$f\left(x\right)=\frac{1}{2}\log x-5$

The domain of f consists of all x for which $x>0$.

Therefore, the domain of the given function is $\left(0,\infty \right)$.

We can see from the graph of f that the range of the function $f\left(x\right)=\frac{1}{2}\log x-5$ is the set of all real numbers.

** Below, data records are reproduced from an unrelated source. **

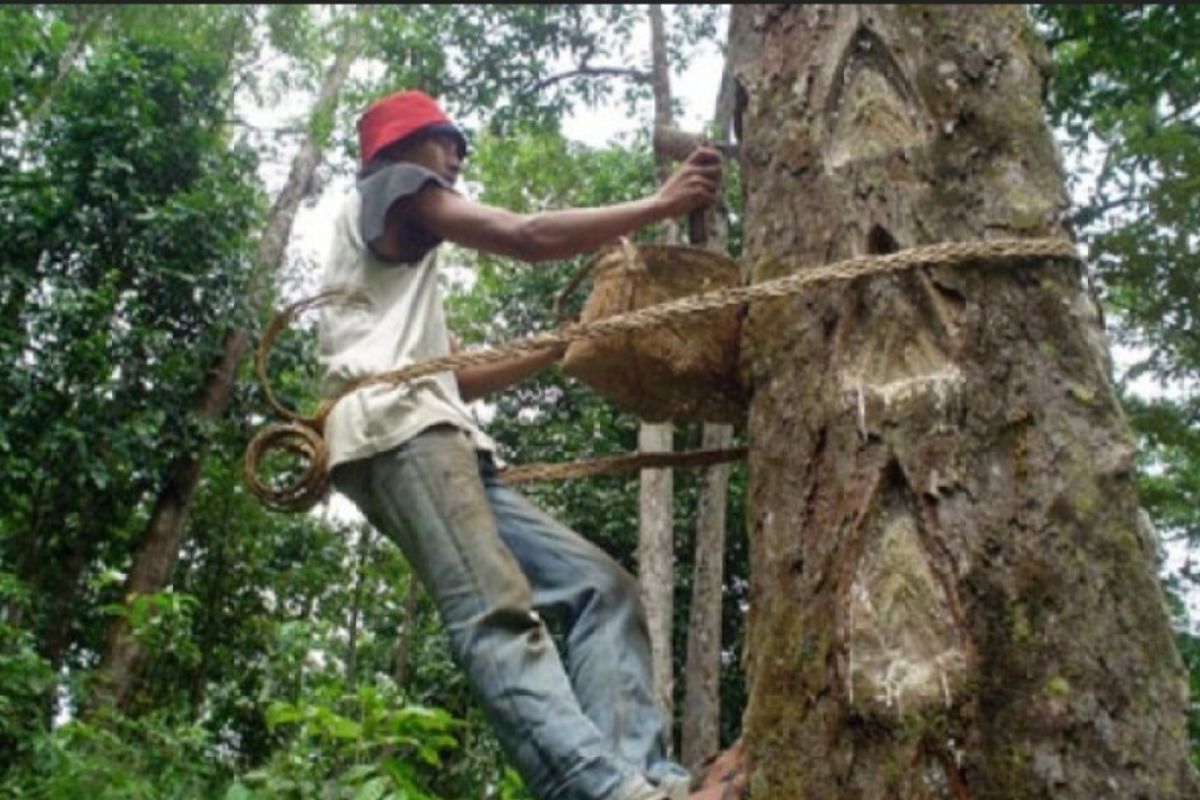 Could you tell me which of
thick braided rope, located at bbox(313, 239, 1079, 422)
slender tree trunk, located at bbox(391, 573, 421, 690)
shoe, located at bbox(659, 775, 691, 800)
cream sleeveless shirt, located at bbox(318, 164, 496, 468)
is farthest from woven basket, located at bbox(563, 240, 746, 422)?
slender tree trunk, located at bbox(391, 573, 421, 690)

Therefore, the range of the function is $\left(-5,\infty \right)$.

The vertical asymptote of the given function is $x=-5$.

$f\left(x\right)=\frac{1}{2}\log x-5$

$$\begin{gathered} y=\frac{1}{2}\log x-5 \\ x=\frac{1}{2}\log y-5 \\ \frac{1}{2}\log y=x+5 \\ \log y=2x+10 \\ y={10}^{2x+10} \end{gathered}$$

Therefore, the inverse of f  is $f^{-1}\left(x\right)={10}^{2x+10}$.

We know that the domain of a function f(x) is the range of its inverse.

In the same way, the range of a function f(x) is the domain of its inverse.

Therefore, the domain of $f^{-1} \mathrm{is} \left(-\infty ,\infty \right)$ and its range is $\left(-5,\infty \right)$.